Vice Governor of Sichuan
- In office 1956–1967

Vice Chairman of the Central Committee of the China Democratic National Construction Association
- In office 1979–1984

Personal details
- Born: March 1903 Baxian County, Chongqing, China
- Died: March 21, 1984 (aged 80–81)
- Alma mater: St. John's University, Shanghai

= Tong Shaosheng =

Chinese businessperson (1903–1984)

Tong Shaosheng (童少生; March 1903 – March 21, 1984), originally named Xian Chang, was a Chinese shipping executive and politician in the People's Republic of China. He served as Vice Governor of Sichuan Province and as Vice Chairman of the Central Committee of the China Democratic National Construction Association (CDNCA). Tong was a prominent figure in China’s modern shipping industry and played an important role in inland waterway transportation during and after the Second Sino-Japanese War.

== Biography ==

Tong Shaosheng was born in Baxian County, Chongqing. He graduated in 1926 from St. John's University, Shanghai, after which he entered the shipping industry. In his early career, he worked for several commercial and financial institutions, including the American-owned Jijiang Steamship Company in Chongqing, Ju Xingcheng Bank, and the Minsheng Company, where he served as manager of the business department.

Around the outbreak of the Second Sino-Japanese War, Tong participated in the innovative “three-stage navigation” operations on the Yangtze River led by Lu Zuofu, as well as the emergency evacuation and transportation efforts in Yichang. During the war, he worked at the Transportation Joint Office of the Trade, Industry, Mining, and Agricultural Products Adjustment Committee under the Military Affairs Commission of the Nationalist government, serving as chief of the Third Section of the Wuhan Transportation Joint Office.

From 1938 onward, Tong held managerial and executive positions in several international shipping companies, including the American President Lines, the American Steamship Company, and the Canadian Pacific Steamship Company. He also served as business manager or director of the Minsheng Company in Chongqing and Shanghai, eventually becoming its deputy general manager. In 1944, he accompanied Lu Zuofu to New York to attend an international trade conference and later traveled to Canada to negotiate loans for the purchase and construction of new vessels.

After the founding of the People's Republic of China in 1949, Tong continued his work in the shipping sector and public administration. He served successively as deputy general manager of the Minsheng Steamship Company, deputy director of the Yangtze River Shipping Administration, and a member of the People's Committees of Chongqing and Wuhan. Following the public–private partnership reform of Minsheng Company in 1956, he became its deputy general manager.

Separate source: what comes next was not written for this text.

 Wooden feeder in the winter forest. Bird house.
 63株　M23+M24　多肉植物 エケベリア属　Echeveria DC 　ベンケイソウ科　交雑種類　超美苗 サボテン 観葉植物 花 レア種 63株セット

Tong later held several senior political and economic posts, including Vice Governor of Sichuan Province concurrently serving as Director of the Provincial Department of Transportation. He was also Vice Chairman of the Sichuan Provincial Committee of the Chinese People's Political Consultative Conference, Vice Chairman of the Standing Committee of the Sichuan Provincial People's Congress, Chairman of the Sichuan Yangtze Enterprise Company, and a director of China International Trust Investment Corporation. In addition, he served as Standing Committee member of the All-China Federation of Industry and Commerce and Chairman of its Sichuan branch.

Tong Shaosheng was elected as a deputy to the First through Fifth National People's Congress and served as a Standing Committee member of the Fifth and Sixth Chinese People's Political Consultative Conference. He died in Chengdu in 1984.